Short descriptive text snippets:
┄┄┄┄┄┄
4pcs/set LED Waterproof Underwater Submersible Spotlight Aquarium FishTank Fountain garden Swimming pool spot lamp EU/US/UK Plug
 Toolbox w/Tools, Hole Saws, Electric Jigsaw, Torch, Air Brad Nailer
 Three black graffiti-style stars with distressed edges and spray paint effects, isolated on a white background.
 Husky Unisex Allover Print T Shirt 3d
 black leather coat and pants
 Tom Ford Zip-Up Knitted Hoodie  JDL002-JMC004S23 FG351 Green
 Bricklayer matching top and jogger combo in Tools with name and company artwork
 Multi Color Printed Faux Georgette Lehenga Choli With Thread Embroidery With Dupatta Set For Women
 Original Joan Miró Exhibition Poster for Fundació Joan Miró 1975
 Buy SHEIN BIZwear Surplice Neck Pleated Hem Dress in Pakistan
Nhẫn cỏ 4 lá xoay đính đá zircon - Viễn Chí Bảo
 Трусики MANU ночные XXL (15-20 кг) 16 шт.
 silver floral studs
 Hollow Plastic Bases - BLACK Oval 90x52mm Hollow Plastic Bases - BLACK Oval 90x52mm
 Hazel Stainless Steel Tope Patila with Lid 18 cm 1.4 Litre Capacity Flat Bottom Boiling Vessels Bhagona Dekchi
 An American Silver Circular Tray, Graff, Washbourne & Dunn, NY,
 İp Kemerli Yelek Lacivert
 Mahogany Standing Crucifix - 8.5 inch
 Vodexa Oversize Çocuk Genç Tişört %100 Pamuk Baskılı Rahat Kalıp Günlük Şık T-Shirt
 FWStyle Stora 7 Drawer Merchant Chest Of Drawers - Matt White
┄┄┄┄┄┄
• GOAL OF THE EXERCISE
Please copy the lines above from the line with "Three black graffiti-style" up to and including the line with "Hazel Stainless Steel", exactly as written and with nothing else.

• EXERCISE SOLUTION
 Three black graffiti-style stars with distressed edges and spray paint effects, isolated on a white background.
 Husky Unisex Allover Print T Shirt 3d
 black leather coat and pants
 Tom Ford Zip-Up Knitted Hoodie  JDL002-JMC004S23 FG351 Green
 Bricklayer matching top and jogger combo in Tools with name and company artwork
 Multi Color Printed Faux Georgette Lehenga Choli With Thread Embroidery With Dupatta Set For Women
 Original Joan Miró Exhibition Poster for Fundació Joan Miró 1975
 Buy SHEIN BIZwear Surplice Neck Pleated Hem Dress in Pakistan
Nhẫn cỏ 4 lá xoay đính đá zircon - Viễn Chí Bảo
 Трусики MANU ночные XXL (15-20 кг) 16 шт.
 silver floral studs
 Hollow Plastic Bases - BLACK Oval 90x52mm Hollow Plastic Bases - BLACK Oval 90x52mm
 Hazel Stainless Steel Tope Patila with Lid 18 cm 1.4 Litre Capacity Flat Bottom Boiling Vessels Bhagona Dekchi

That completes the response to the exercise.